Show each line of the data below that has the string "with" in it.

BEGIN THE INPUT

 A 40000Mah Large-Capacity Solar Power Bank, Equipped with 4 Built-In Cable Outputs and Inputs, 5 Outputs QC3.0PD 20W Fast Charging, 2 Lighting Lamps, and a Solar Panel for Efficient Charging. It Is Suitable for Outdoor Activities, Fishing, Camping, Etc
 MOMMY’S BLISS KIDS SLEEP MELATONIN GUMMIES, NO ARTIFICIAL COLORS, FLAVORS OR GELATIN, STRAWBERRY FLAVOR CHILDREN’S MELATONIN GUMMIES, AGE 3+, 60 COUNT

END THE INPUT
BEGIN THE INPUT

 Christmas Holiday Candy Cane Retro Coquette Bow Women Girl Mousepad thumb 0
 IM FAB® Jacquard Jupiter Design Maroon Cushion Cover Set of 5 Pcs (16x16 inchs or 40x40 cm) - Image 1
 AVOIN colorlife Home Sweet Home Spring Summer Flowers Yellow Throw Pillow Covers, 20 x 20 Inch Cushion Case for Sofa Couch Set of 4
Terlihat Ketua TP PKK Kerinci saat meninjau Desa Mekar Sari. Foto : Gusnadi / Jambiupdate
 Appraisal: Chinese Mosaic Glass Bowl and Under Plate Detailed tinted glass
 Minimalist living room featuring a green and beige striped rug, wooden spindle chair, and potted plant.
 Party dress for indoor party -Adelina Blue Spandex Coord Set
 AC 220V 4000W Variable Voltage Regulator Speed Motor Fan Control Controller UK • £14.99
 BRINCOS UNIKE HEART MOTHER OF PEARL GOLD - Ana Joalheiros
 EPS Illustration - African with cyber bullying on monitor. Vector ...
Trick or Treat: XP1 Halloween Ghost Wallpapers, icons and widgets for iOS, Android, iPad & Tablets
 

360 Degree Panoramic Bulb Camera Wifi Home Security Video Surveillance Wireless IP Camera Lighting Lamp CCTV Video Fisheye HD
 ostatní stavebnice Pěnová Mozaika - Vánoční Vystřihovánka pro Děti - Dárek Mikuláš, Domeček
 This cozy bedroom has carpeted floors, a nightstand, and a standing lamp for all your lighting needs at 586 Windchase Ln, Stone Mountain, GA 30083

END THE INPUT

*ANSWER TO THIS EXERCISE*
 A 40000Mah Large-Capacity Solar Power Bank, Equipped with 4 Built-In Cable Outputs and Inputs, 5 Outputs QC3.0PD 20W Fast Charging, 2 Lighting Lamps, and a Solar Panel for Efficient Charging. It Is Suitable for Outdoor Activities, Fishing, Camping, Etc
 EPS Illustration - African with cyber bullying on monitor. Vector ...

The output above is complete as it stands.